**Work task:** An exact, complete printout of the listing is wanted, minus its images.

**Material provided:**
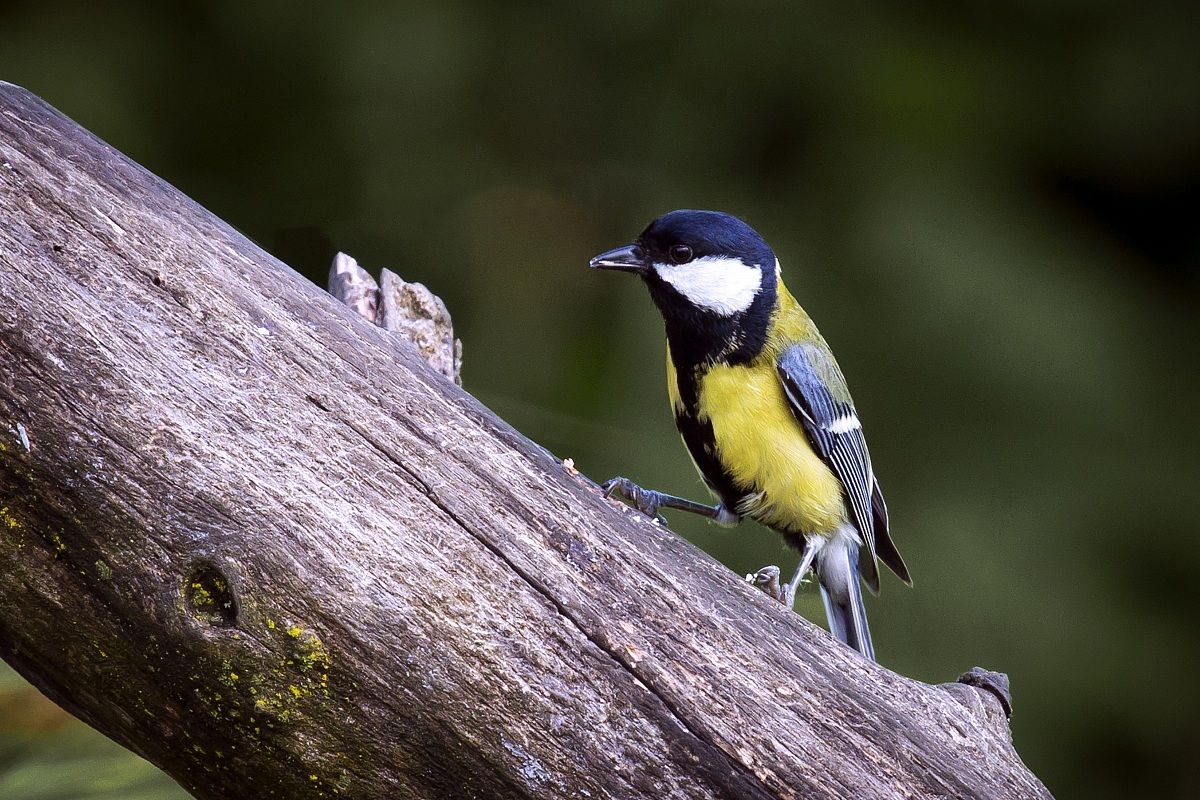 Great Tit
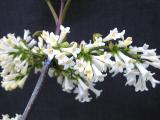 Syringa pinnatifolia flowers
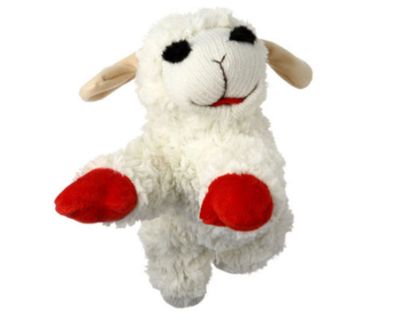Lamb Chops 25cm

**Exercise result:**
 Great Tit
 Syringa pinnatifolia flowers
Lamb Chops 25cm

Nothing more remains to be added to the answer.